Input material:
+ + + +
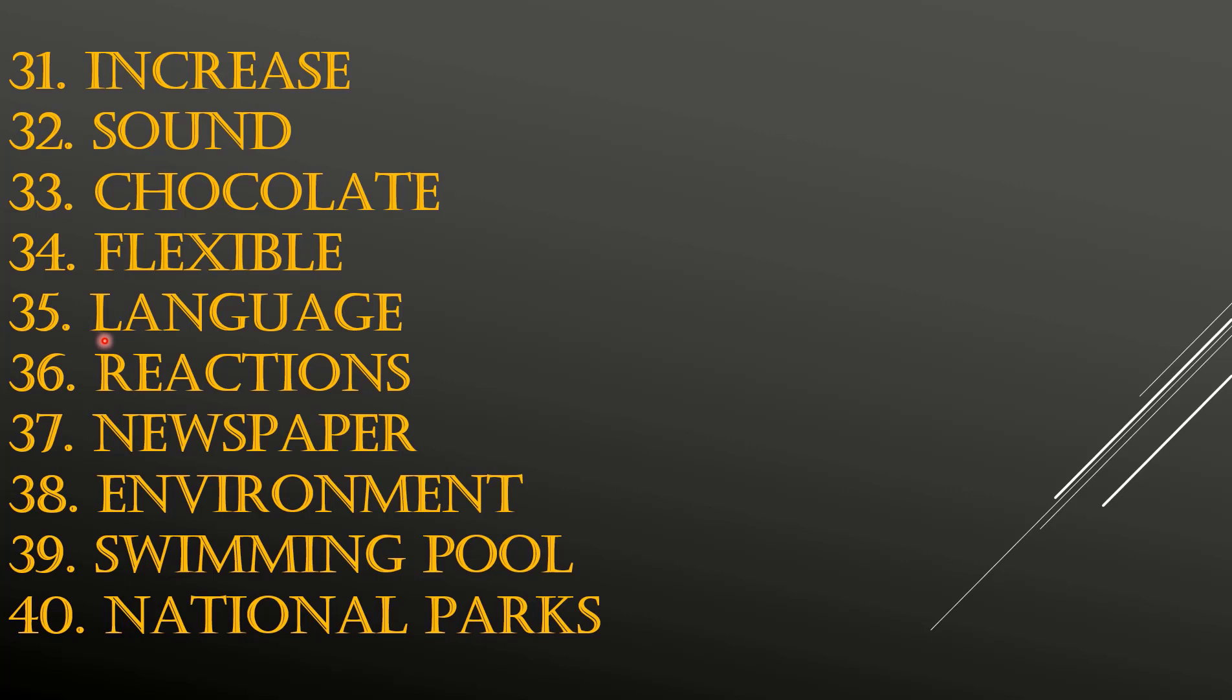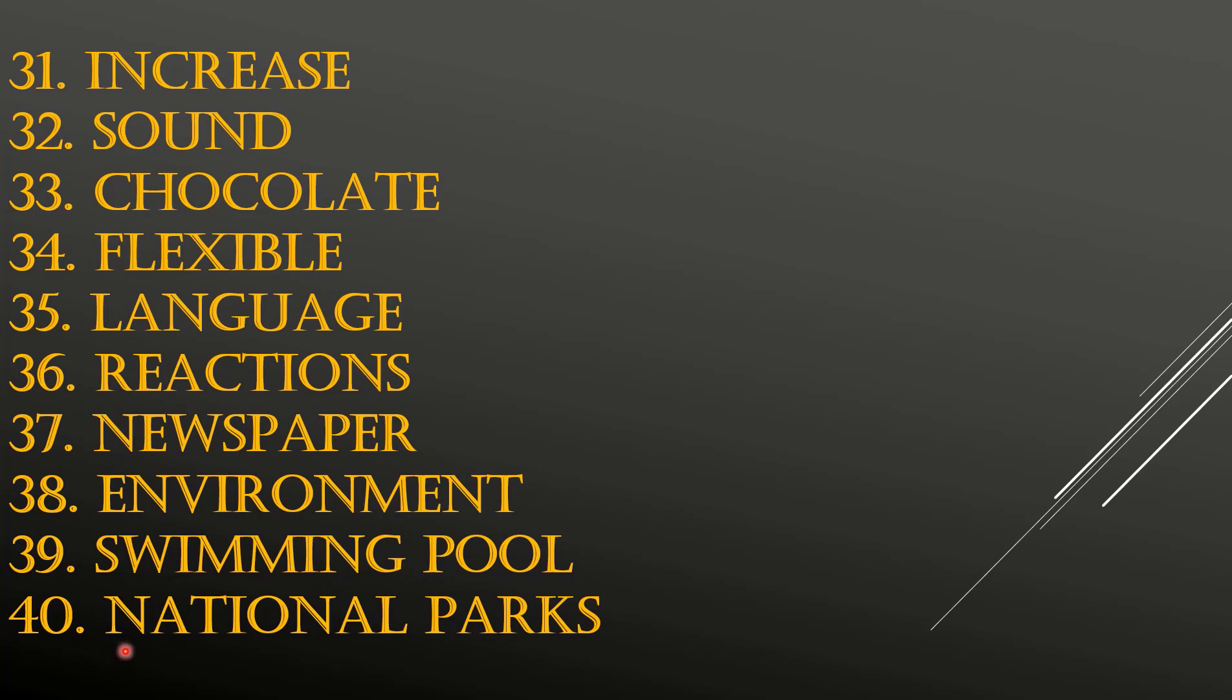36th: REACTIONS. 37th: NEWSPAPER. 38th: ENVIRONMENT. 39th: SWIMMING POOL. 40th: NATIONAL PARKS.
+ + + +
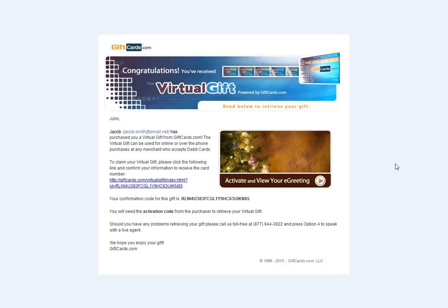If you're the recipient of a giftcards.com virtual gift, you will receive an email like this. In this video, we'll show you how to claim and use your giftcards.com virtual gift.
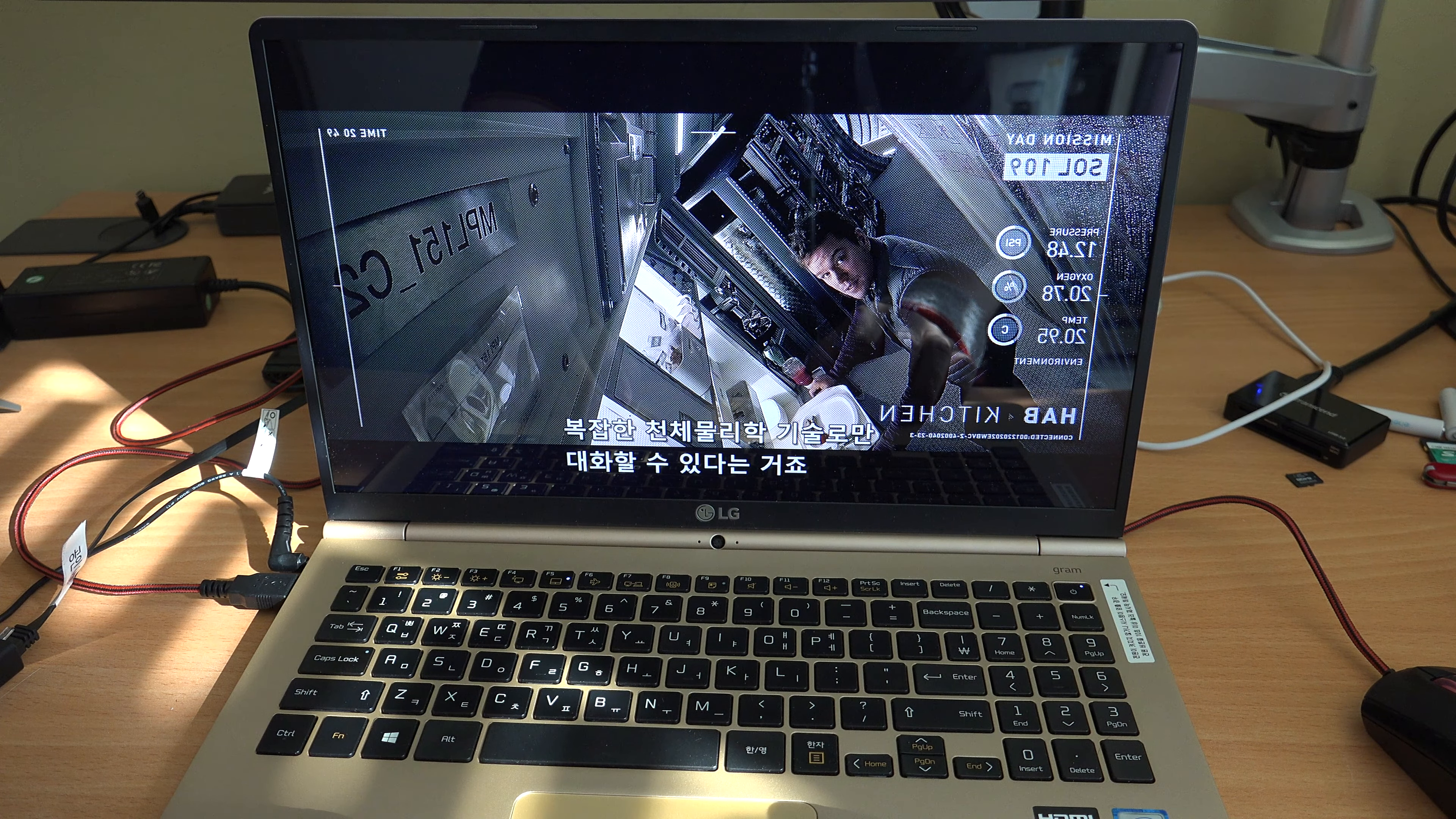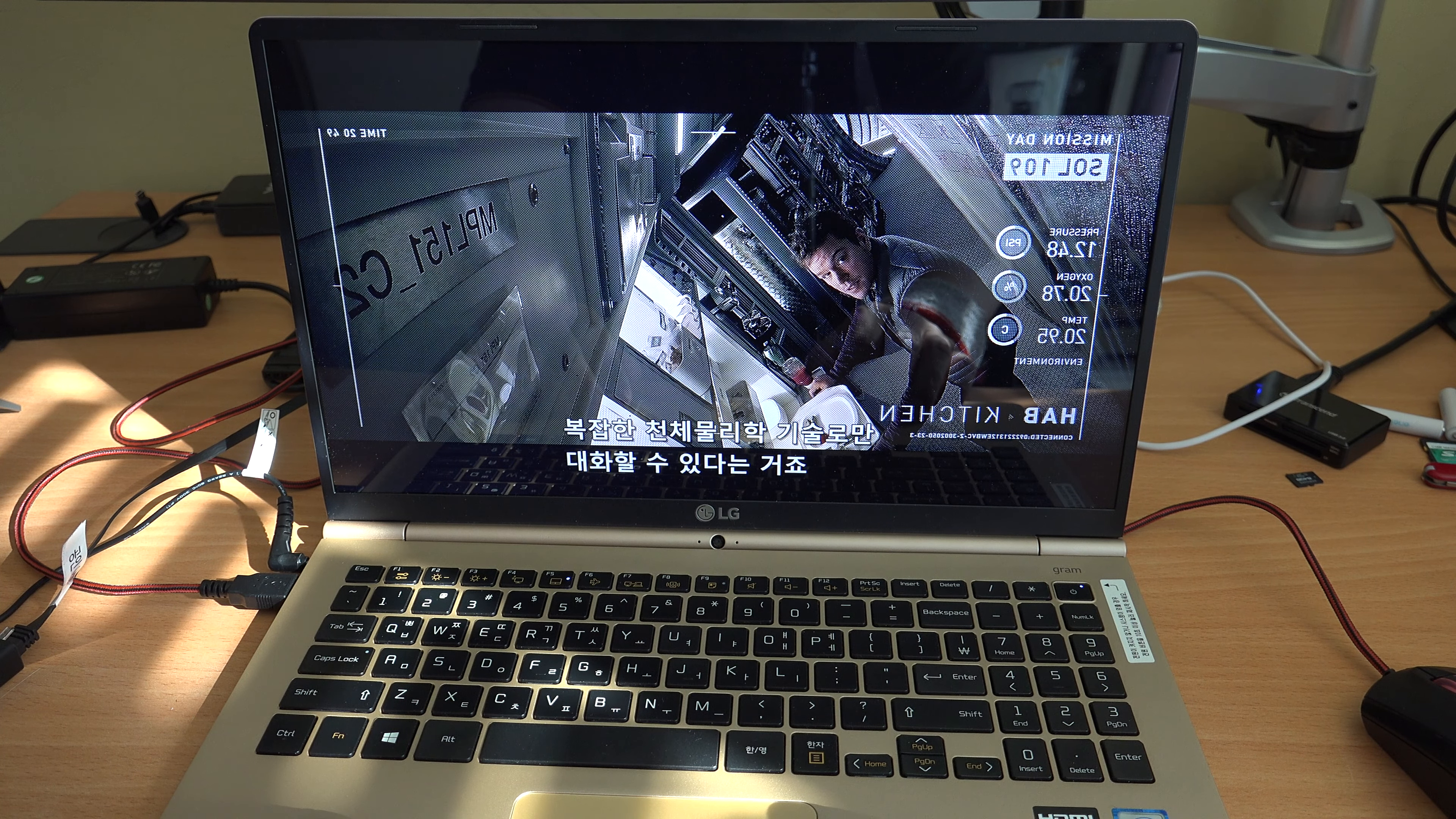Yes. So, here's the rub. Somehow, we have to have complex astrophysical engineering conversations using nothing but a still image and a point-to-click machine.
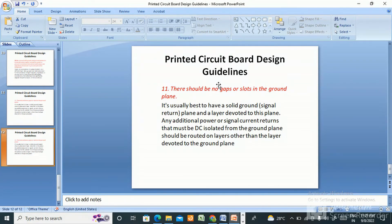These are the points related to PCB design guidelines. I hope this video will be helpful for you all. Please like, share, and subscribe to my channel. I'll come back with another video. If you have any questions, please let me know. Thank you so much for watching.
+ + + +
Required work: Start with the line with "If you're the" in the listing above and stop after the line with "These are the". Write out exactly the lines in that stretch and no others, without pictures.

Reply to the exercise:
If you're the recipient of a giftcards.com virtual gift, you will receive an email like this. In this video, we'll show you how to claim and use your giftcards.com virtual gift.
Yes. So, here's the rub. Somehow, we have to have complex astrophysical engineering conversations using nothing but a still image and a point-to-click machine.
These are the points related to PCB design guidelines. I hope this video will be helpful for you all. Please like, share, and subscribe to my channel. I'll come back with another video. If you have any questions, please let me know. Thank you so much for watching.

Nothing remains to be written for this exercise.